Given records:
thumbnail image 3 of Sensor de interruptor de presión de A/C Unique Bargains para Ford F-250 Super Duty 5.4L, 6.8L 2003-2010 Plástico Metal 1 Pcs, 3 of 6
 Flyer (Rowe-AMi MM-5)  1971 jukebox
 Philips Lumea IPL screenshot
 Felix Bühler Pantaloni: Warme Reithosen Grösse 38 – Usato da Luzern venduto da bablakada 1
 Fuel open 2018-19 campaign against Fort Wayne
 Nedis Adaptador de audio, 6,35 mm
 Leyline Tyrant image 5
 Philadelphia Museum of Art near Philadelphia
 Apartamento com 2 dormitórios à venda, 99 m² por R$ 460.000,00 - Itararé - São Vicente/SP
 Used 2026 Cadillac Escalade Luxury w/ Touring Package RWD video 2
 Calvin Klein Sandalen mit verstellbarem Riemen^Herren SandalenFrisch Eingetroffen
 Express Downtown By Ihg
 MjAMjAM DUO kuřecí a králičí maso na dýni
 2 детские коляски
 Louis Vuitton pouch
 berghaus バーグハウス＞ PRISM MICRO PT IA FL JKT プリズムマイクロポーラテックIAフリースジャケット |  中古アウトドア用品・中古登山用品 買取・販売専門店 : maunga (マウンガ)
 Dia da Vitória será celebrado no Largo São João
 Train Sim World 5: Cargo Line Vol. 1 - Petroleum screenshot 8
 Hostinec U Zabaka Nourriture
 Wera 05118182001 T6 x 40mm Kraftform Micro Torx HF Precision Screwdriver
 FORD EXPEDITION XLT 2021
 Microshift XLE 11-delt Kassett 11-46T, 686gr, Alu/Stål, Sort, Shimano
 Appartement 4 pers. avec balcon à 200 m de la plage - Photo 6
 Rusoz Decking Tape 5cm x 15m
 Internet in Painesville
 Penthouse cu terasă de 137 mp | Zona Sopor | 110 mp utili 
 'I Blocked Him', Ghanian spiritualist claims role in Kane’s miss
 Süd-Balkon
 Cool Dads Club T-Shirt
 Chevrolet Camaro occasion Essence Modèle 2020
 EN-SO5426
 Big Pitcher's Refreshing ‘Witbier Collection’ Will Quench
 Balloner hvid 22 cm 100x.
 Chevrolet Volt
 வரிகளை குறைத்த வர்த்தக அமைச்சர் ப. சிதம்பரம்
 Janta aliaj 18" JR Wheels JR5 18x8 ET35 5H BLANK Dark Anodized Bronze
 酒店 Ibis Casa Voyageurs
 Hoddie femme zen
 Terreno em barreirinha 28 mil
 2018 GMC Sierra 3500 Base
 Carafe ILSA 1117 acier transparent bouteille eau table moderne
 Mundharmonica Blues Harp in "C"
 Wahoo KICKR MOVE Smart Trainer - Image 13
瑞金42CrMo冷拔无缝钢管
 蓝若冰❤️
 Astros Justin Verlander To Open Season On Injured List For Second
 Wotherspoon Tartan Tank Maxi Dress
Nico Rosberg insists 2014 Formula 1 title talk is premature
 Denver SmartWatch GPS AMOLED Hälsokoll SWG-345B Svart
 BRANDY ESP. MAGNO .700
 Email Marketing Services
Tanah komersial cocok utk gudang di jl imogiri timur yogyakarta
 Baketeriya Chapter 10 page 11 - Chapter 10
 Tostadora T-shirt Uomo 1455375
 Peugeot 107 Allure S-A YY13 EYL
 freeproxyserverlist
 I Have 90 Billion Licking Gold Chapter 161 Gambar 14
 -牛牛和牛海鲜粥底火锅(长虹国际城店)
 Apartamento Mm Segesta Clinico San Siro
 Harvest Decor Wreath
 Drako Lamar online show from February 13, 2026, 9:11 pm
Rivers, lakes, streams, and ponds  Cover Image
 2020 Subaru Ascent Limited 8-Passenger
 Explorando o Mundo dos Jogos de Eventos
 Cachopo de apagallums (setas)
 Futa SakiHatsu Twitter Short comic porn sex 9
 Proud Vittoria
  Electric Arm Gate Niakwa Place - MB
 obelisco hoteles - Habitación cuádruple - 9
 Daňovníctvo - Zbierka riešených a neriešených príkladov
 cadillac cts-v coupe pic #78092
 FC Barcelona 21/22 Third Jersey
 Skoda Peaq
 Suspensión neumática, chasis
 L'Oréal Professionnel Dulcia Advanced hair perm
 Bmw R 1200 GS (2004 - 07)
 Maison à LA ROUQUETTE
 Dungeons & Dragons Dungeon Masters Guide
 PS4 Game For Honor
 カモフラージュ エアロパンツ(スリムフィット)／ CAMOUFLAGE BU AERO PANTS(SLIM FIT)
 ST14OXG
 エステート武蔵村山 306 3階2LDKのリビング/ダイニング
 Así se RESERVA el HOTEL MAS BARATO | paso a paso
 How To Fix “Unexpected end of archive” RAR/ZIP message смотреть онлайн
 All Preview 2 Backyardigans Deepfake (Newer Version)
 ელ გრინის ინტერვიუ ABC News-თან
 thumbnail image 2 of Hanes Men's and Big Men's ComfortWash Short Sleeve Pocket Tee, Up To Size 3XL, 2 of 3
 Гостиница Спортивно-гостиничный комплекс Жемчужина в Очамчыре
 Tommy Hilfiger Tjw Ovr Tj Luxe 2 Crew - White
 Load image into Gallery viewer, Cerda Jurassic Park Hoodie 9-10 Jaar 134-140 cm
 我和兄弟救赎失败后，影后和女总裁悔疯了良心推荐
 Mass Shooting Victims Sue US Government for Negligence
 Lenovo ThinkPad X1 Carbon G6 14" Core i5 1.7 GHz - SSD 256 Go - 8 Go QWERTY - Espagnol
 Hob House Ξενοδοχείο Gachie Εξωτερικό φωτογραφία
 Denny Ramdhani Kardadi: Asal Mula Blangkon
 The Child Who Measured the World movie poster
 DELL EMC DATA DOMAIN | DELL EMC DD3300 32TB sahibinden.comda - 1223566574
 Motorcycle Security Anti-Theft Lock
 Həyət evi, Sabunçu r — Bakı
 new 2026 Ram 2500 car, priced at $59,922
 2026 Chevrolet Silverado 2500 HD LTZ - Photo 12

Activity: Nothing should appear in the answer except the lines above from the line with "Apartamento com 2" through the line with "MjAMjAM DUO kuřecí a králičí maso na dýni", both included, written out exactly.

Answer for this exercise:
 Apartamento com 2 dormitórios à venda, 99 m² por R$ 460.000,00 - Itararé - São Vicente/SP
 Used 2026 Cadillac Escalade Luxury w/ Touring Package RWD video 2
 Calvin Klein Sandalen mit verstellbarem Riemen^Herren SandalenFrisch Eingetroffen
 Express Downtown By Ihg
 MjAMjAM DUO kuřecí a králičí maso na dýni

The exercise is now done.